Carrot Cake Almond Pancakes (Recipe)
Posted on : April 9th, 2020
Looking for something fun for breakfast? This recipe for Carrot Cake Almond Pancakes with Strawberry Cream Cheese fruit sauce should do the trick! It was created by Emily Richards, cookbook author of Get in the Kitchen and COOK for the Almond Board of California.
Carrot Cake Almond Pancakes
Ingredients:
- 1 1/2 cups whole wheat flour
- 1/2 cup ground almonds
- 2 tbsp granulated sugar
- 1 tbsp baking powder
- 1 tsp ground cinnamon
- Pinch fresh ground nutmeg
- 1 2/3 cups vanilla almond milk
- 1 egg
- 2 tbsp canola oil
- 1 cup grated carrots
- 1/4 cup golden raisins
Cream Cheese Yogurt Drizzle:
- 1/4 cup 0% Greek yogurt
- 2 tbsp light cream cheese, softened
- 4 tbsp vanilla almond milk
- 1/2 cup diced fresh strawberries
- 2 cups quartered fresh strawberries
Preparation:
- In a large bowl, whisk together whole wheat flour, almonds, sugar, baking powder, cinnamon and nutmeg; set aside.

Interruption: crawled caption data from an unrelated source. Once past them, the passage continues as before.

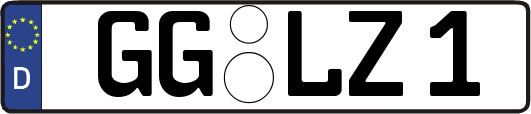GG-LZ1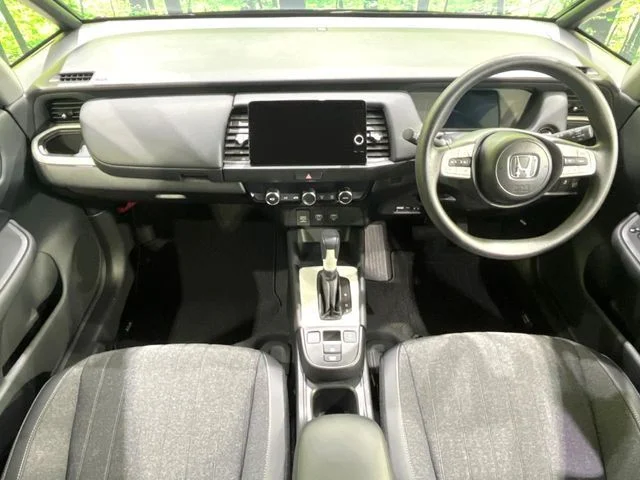Honda FIT ホーム photo 2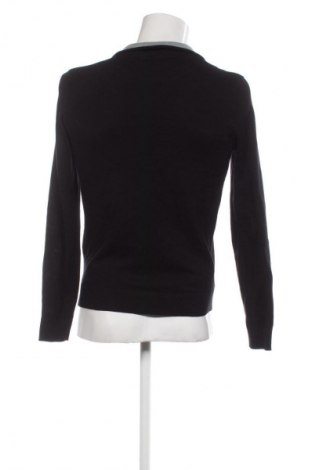 Мъжки пуловер Pier One, Размер S, Цвят Черен, Цена 11,75 €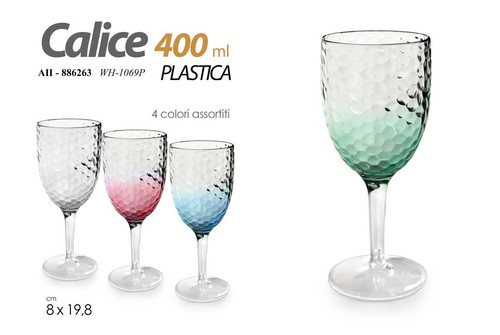 Calice bicchiere vino - , finger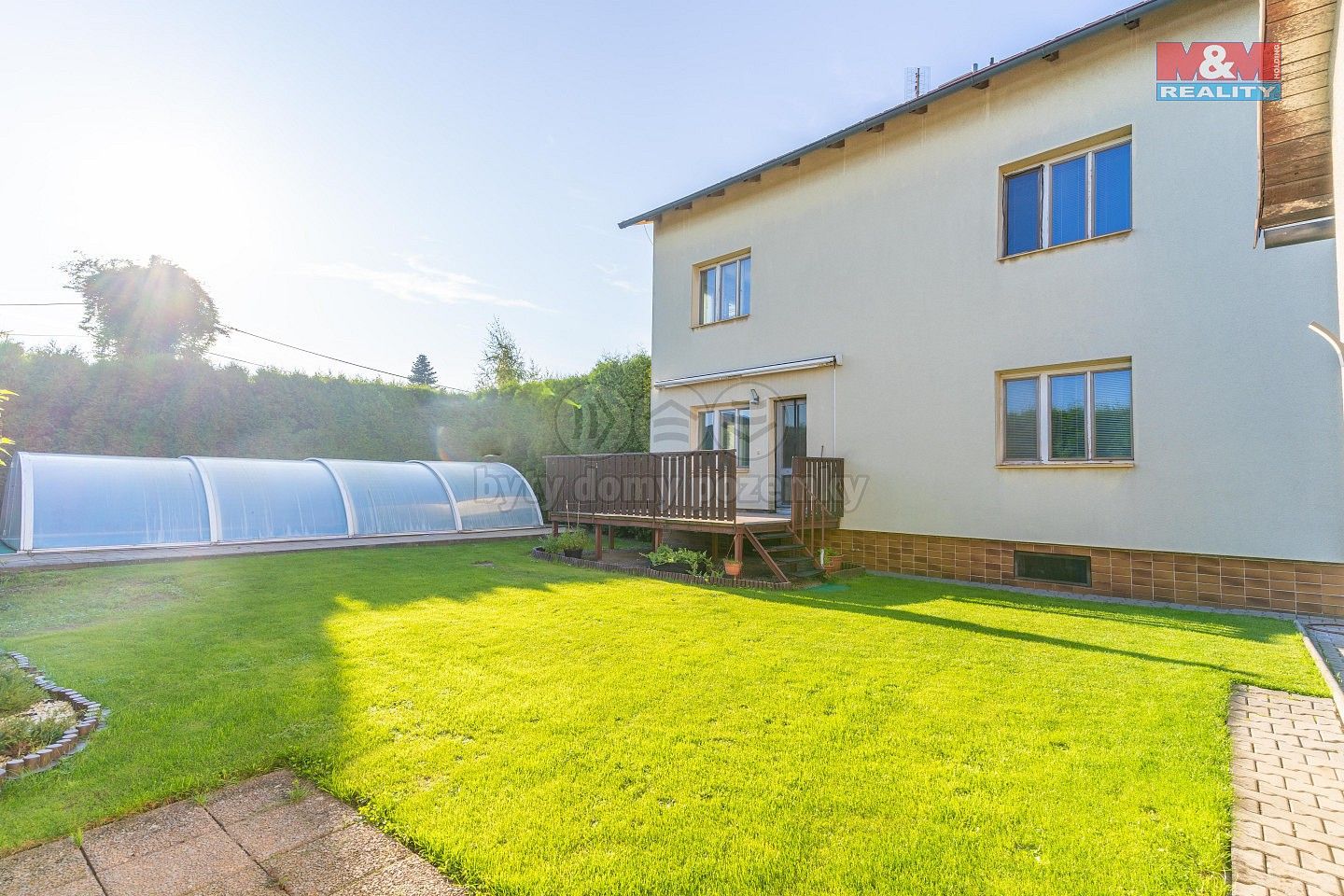 Rodinné domy, Chotěbuzská, Chotěbuz, okres Karviná, 228 m² - 1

- In another bowl, whisk together almond milk, egg and canola oil. Pour over flour mixture and stir until smooth. Stir in carrots and raisins.
- Heat non-stick griddle or large non-stick skillet over medium heat. Ladle 1/4 cup of the batter onto griddle. Cook for about 2 minutes or until bubbles appear on top. Using spatula, flip pancake and cook another 1 minute or until golden.
- Repeat with remaining batter. (Alternatively, use 1/8 cup measure to make smaller pancakes)
- Make Cream Cheese Yogurt Drizzle: In a bowl, using an electric hand mixer, beat together yogurt, cream cheese and almond milk until smooth and runny. Stir in diced strawberries. Spoon drizzle over pancakes and top with quartered berries.